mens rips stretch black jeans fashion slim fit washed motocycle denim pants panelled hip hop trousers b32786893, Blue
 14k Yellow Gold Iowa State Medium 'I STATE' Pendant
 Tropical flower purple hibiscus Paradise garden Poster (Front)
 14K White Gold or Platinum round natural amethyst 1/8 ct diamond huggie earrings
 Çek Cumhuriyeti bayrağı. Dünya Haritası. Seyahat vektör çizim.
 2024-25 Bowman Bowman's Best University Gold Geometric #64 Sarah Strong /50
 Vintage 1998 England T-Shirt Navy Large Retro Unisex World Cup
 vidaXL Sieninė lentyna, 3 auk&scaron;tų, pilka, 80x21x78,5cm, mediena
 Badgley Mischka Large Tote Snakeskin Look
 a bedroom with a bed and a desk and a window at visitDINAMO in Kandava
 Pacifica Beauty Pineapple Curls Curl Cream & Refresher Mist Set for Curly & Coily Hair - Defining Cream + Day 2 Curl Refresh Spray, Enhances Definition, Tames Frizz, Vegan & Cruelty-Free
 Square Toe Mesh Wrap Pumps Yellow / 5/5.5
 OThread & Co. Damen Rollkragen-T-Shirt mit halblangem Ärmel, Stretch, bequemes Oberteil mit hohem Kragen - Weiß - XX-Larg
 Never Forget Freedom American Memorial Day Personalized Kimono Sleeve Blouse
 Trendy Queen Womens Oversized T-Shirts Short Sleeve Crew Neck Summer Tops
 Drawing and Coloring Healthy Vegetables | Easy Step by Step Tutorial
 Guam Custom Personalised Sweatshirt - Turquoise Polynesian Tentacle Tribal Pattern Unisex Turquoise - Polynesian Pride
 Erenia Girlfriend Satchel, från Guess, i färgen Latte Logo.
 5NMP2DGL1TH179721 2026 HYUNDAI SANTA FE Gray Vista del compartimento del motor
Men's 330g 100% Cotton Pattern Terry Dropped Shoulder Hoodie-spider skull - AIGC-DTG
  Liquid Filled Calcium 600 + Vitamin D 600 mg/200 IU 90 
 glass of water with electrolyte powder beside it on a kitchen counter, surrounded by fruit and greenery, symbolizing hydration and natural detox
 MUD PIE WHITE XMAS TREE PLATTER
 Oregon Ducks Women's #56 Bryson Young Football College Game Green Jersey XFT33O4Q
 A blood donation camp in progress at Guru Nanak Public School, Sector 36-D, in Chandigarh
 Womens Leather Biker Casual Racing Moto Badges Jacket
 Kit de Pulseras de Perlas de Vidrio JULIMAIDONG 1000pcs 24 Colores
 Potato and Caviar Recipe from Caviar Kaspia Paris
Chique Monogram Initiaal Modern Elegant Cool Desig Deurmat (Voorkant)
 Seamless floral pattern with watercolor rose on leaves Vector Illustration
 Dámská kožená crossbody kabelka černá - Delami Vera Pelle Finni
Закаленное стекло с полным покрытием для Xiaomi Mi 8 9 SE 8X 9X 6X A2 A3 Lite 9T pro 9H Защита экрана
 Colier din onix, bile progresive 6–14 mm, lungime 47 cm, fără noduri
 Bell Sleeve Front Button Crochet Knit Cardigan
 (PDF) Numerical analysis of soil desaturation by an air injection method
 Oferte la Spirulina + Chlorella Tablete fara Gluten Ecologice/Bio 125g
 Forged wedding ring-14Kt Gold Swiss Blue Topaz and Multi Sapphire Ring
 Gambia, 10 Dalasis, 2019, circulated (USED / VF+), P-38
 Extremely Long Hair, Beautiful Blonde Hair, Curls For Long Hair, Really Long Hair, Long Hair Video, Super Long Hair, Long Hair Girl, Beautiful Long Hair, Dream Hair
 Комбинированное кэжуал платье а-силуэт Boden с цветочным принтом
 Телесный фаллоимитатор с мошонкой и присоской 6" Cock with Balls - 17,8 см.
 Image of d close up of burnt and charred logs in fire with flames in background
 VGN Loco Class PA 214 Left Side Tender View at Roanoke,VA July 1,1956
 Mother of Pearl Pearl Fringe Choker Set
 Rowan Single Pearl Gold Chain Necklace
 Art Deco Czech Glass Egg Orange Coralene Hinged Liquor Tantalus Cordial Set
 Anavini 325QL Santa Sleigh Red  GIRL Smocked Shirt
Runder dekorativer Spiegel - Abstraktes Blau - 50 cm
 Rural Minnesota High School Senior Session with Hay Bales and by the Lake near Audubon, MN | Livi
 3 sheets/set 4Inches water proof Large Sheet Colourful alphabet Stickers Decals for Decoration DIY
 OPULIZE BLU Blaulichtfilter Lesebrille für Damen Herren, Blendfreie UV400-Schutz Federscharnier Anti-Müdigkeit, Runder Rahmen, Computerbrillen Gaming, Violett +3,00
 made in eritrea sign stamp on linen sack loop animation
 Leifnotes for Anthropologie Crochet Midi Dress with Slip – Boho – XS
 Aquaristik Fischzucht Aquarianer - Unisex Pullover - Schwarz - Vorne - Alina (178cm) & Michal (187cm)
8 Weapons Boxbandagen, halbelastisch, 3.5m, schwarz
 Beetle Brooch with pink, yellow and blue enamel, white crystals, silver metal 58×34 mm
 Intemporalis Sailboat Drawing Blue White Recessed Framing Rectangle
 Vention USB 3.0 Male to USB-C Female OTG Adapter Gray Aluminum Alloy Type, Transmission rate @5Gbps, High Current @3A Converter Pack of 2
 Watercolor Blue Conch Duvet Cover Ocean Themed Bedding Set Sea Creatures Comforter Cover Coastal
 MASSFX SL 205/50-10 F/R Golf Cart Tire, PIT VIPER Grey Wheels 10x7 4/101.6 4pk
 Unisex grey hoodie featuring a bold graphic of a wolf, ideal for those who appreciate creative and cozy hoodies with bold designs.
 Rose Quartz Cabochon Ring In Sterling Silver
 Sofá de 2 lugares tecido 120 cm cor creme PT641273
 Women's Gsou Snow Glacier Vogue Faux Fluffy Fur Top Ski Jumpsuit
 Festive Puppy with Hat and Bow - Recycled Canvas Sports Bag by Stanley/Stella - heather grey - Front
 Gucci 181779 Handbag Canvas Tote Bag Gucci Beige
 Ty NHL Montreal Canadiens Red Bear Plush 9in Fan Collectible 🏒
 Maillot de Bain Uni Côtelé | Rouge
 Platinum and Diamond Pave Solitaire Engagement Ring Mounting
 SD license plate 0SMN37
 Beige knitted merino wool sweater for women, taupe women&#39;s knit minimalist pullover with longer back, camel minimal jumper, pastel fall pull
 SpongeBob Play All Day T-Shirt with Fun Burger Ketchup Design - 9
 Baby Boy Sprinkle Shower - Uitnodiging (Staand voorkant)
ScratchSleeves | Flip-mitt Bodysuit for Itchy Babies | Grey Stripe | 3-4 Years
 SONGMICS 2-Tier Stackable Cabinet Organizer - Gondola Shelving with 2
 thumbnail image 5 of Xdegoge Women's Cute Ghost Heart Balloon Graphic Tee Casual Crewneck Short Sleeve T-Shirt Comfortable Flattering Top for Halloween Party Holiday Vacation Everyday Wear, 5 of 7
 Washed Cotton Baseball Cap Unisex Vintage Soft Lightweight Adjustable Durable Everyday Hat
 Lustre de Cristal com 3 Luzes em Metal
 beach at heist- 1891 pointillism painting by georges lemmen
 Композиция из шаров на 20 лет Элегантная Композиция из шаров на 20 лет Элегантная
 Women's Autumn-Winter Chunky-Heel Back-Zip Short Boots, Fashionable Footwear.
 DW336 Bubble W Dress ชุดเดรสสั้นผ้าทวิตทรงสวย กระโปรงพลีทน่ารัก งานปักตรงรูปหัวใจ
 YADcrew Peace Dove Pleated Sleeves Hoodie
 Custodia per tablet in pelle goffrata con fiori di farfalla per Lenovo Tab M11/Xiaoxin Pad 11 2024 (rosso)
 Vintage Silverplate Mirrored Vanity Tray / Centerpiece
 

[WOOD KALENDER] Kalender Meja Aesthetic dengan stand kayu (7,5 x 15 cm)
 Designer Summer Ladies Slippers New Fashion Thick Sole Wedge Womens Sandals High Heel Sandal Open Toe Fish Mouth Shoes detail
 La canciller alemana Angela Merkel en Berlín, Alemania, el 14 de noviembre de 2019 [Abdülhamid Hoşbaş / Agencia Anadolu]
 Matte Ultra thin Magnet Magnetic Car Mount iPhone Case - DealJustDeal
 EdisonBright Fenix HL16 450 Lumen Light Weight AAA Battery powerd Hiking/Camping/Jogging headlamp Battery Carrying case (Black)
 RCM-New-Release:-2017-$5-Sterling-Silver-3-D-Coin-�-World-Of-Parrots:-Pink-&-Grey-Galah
□ □ □ □
Every line from the line containing "Pacifica Beauty Pineapple" through the line containing "MUD PIE WHITE XMAS TREE PLATTER" in the records above must be retyped exactly. Leave out the rest.

 Pacifica Beauty Pineapple Curls Curl Cream & Refresher Mist Set for Curly & Coily Hair - Defining Cream + Day 2 Curl Refresh Spray, Enhances Definition, Tames Frizz, Vegan & Cruelty-Free
 Square Toe Mesh Wrap Pumps Yellow / 5/5.5
 OThread & Co. Damen Rollkragen-T-Shirt mit halblangem Ärmel, Stretch, bequemes Oberteil mit hohem Kragen - Weiß - XX-Larg
 Never Forget Freedom American Memorial Day Personalized Kimono Sleeve Blouse
 Trendy Queen Womens Oversized T-Shirts Short Sleeve Crew Neck Summer Tops
 Drawing and Coloring Healthy Vegetables | Easy Step by Step Tutorial
 Guam Custom Personalised Sweatshirt - Turquoise Polynesian Tentacle Tribal Pattern Unisex Turquoise - Polynesian Pride
 Erenia Girlfriend Satchel, från Guess, i färgen Latte Logo.
 5NMP2DGL1TH179721 2026 HYUNDAI SANTA FE Gray Vista del compartimento del motor
Men's 330g 100% Cotton Pattern Terry Dropped Shoulder Hoodie-spider skull - AIGC-DTG
  Liquid Filled Calcium 600 + Vitamin D 600 mg/200 IU 90 
 glass of water with electrolyte powder beside it on a kitchen counter, surrounded by fruit and greenery, symbolizing hydration and natural detox
 MUD PIE WHITE XMAS TREE PLATTER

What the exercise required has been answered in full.